**PROBLEM TO WORK ON:** Below are entries. Reproduce exactly the lines between the line holding "Honeycomb Slow Feeder Silicone Dog Toy" and the line holding "2017 Ford Escape", inclusive, and only those.

**RECORD EXTRACTS:**
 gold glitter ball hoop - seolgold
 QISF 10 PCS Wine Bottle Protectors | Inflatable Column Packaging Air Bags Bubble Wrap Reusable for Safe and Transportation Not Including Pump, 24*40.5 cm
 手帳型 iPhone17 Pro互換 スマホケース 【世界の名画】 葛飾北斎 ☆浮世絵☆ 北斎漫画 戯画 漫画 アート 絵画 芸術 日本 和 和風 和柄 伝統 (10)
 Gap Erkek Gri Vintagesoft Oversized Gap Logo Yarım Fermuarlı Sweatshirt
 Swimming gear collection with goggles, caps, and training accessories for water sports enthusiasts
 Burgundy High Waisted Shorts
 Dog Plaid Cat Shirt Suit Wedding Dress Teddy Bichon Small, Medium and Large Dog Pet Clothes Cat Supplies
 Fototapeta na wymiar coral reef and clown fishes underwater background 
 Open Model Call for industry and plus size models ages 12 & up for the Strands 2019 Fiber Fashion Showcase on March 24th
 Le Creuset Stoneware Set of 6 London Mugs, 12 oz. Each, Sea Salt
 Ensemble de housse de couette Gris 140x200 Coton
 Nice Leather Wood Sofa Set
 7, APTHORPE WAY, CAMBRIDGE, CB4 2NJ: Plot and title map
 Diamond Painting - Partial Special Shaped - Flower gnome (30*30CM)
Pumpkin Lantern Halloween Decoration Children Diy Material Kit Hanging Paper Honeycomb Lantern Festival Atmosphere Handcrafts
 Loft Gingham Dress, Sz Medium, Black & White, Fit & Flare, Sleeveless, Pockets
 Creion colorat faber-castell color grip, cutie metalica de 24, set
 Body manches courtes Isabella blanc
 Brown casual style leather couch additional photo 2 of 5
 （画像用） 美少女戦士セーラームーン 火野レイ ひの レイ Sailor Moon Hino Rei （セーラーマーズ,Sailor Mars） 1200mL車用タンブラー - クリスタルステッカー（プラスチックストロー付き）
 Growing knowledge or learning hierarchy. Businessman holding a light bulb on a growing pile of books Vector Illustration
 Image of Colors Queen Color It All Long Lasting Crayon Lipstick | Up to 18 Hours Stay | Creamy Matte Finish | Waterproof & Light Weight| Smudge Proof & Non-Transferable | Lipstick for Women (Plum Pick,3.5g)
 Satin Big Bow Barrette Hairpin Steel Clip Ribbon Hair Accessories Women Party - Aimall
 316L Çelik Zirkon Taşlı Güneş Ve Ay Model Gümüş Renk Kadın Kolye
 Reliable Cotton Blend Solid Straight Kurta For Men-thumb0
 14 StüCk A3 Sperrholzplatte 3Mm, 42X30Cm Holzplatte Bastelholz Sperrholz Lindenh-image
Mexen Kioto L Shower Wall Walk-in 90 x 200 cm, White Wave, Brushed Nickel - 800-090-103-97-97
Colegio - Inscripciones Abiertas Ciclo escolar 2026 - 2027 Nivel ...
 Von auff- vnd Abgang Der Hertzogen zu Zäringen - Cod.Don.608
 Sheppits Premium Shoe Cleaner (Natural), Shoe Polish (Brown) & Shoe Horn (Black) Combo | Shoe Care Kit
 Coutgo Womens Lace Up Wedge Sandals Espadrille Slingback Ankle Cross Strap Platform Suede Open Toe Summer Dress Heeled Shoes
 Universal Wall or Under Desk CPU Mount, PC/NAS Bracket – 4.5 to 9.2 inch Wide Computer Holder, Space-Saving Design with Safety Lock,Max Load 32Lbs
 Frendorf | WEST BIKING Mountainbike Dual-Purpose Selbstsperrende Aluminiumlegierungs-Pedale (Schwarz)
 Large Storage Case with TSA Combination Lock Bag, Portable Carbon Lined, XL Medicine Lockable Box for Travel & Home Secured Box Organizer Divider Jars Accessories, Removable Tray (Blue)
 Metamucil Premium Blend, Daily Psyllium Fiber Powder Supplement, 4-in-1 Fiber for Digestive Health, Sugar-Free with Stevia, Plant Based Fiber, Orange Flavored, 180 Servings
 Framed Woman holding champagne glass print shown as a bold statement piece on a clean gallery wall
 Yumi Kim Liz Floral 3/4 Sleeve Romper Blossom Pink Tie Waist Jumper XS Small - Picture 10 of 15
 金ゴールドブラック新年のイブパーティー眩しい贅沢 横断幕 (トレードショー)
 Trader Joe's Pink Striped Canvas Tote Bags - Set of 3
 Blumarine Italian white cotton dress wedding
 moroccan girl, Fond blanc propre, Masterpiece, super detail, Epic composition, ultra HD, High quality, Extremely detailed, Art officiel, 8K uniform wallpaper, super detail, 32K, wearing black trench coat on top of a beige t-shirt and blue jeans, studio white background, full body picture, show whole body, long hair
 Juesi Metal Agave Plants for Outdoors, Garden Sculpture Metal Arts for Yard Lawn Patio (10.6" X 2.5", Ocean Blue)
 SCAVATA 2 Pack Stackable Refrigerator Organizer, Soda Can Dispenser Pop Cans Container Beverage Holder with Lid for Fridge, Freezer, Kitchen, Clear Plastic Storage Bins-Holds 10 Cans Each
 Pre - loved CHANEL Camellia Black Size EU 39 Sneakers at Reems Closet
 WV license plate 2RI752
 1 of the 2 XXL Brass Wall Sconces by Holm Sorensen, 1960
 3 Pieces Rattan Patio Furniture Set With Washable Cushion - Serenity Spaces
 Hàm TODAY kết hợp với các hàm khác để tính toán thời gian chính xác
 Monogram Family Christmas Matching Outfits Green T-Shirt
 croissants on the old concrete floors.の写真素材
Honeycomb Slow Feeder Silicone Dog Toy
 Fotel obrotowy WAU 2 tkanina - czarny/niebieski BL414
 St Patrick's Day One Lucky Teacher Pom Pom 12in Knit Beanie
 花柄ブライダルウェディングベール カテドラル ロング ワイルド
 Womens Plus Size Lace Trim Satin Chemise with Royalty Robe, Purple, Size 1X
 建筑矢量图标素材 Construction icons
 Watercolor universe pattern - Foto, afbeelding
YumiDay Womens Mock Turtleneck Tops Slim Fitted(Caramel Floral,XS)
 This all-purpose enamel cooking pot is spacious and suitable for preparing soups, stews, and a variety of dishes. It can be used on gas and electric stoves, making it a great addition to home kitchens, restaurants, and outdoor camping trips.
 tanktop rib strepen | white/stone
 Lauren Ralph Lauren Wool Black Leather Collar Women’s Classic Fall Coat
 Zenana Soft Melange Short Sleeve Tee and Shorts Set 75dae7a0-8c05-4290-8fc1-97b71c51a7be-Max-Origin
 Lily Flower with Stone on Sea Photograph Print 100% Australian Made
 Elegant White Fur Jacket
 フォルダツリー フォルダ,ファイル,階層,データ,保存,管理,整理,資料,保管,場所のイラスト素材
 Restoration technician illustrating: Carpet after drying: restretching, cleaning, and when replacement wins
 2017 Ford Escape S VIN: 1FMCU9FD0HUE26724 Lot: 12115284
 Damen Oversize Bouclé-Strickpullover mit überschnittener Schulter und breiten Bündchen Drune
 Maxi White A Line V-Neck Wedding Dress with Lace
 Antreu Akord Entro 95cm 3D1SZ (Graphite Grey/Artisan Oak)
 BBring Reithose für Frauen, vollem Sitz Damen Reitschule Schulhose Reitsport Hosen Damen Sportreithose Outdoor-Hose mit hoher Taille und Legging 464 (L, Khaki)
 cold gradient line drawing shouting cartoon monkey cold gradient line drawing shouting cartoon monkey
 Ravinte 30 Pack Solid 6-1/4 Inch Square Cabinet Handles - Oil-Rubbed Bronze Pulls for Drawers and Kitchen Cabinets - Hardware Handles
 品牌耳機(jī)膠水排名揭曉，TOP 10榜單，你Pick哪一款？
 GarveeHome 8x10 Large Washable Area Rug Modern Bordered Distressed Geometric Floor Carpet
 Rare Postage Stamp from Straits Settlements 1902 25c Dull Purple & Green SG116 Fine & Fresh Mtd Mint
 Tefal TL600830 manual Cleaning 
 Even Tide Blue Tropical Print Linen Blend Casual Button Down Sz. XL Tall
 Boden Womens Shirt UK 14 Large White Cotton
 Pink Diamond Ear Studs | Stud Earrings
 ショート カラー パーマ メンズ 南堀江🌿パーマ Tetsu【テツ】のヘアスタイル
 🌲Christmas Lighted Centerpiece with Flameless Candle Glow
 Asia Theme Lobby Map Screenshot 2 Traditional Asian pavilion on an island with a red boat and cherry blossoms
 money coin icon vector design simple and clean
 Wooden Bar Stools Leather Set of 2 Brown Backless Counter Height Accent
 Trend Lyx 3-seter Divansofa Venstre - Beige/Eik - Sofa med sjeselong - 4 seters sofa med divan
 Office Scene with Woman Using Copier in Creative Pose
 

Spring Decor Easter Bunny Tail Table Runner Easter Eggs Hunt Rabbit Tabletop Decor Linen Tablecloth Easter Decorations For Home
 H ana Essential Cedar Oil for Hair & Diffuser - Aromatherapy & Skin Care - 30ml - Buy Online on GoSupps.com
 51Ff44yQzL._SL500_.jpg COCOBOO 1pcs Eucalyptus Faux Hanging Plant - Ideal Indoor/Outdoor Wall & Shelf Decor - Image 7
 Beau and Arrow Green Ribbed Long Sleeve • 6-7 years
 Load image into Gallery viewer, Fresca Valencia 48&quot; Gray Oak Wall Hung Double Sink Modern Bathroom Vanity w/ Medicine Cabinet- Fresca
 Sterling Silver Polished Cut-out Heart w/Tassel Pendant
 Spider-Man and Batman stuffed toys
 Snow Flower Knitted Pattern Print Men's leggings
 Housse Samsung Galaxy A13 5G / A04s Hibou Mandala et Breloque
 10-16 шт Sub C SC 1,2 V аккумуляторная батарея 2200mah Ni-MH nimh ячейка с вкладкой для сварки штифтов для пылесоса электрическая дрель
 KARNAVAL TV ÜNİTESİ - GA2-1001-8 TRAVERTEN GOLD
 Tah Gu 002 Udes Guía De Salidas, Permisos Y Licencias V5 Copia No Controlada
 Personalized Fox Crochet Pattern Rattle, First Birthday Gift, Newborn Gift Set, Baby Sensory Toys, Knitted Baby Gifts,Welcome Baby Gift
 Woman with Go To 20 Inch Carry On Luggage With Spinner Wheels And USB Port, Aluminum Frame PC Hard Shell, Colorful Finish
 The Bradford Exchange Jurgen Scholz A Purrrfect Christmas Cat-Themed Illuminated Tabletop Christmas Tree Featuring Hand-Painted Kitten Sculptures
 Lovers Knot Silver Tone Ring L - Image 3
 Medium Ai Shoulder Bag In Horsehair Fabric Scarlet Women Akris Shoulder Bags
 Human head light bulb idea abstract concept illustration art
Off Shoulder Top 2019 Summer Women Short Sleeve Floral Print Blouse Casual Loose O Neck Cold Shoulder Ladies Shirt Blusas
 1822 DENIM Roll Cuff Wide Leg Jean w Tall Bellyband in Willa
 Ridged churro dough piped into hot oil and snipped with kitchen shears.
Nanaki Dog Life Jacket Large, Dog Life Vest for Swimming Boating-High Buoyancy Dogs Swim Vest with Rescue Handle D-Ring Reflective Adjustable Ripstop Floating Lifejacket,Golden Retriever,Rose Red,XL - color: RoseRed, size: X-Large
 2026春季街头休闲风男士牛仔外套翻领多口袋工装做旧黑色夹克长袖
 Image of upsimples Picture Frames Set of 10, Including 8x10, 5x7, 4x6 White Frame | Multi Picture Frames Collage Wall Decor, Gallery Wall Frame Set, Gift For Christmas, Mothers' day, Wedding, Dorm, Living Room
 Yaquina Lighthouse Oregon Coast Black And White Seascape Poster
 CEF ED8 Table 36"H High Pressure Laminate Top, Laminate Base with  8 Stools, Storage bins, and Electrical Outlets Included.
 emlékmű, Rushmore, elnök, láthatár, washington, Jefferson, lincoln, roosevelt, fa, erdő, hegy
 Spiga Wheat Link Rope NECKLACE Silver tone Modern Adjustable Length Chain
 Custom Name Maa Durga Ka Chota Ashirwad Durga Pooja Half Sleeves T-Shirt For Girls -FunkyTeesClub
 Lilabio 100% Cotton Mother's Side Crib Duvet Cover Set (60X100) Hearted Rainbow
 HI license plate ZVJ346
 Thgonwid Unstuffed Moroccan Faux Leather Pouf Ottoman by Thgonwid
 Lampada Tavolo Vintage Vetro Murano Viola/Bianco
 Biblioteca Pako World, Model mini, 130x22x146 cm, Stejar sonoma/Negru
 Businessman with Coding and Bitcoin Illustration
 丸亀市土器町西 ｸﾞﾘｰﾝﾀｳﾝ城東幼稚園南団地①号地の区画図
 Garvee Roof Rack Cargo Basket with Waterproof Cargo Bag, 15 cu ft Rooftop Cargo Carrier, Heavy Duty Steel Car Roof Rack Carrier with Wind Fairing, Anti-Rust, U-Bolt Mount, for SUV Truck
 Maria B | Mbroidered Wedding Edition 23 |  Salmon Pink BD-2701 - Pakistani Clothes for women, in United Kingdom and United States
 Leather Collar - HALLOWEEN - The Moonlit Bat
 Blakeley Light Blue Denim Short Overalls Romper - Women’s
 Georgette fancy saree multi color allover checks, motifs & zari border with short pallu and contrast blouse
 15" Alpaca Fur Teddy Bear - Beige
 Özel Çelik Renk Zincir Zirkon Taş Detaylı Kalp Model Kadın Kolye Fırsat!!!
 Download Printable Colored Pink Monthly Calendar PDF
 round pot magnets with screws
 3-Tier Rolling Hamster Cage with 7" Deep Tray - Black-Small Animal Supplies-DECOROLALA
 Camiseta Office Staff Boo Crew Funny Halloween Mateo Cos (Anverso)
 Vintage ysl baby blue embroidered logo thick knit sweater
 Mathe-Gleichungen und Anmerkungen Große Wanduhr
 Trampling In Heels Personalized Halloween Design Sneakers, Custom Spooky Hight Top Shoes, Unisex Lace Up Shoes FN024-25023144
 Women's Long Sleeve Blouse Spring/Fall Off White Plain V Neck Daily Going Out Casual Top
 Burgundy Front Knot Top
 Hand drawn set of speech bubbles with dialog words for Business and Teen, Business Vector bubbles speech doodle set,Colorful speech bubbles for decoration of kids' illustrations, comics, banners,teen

**TASK RESPONSE:**
Honeycomb Slow Feeder Silicone Dog Toy
 Fotel obrotowy WAU 2 tkanina - czarny/niebieski BL414
 St Patrick's Day One Lucky Teacher Pom Pom 12in Knit Beanie
 花柄ブライダルウェディングベール カテドラル ロング ワイルド
 Womens Plus Size Lace Trim Satin Chemise with Royalty Robe, Purple, Size 1X
 建筑矢量图标素材 Construction icons
 Watercolor universe pattern - Foto, afbeelding
YumiDay Womens Mock Turtleneck Tops Slim Fitted(Caramel Floral,XS)
 This all-purpose enamel cooking pot is spacious and suitable for preparing soups, stews, and a variety of dishes. It can be used on gas and electric stoves, making it a great addition to home kitchens, restaurants, and outdoor camping trips.
 tanktop rib strepen | white/stone
 Lauren Ralph Lauren Wool Black Leather Collar Women’s Classic Fall Coat
 Zenana Soft Melange Short Sleeve Tee and Shorts Set 75dae7a0-8c05-4290-8fc1-97b71c51a7be-Max-Origin
 Lily Flower with Stone on Sea Photograph Print 100% Australian Made
 Elegant White Fur Jacket
 フォルダツリー フォルダ,ファイル,階層,データ,保存,管理,整理,資料,保管,場所のイラスト素材
 Restoration technician illustrating: Carpet after drying: restretching, cleaning, and when replacement wins
 2017 Ford Escape S VIN: 1FMCU9FD0HUE26724 Lot: 12115284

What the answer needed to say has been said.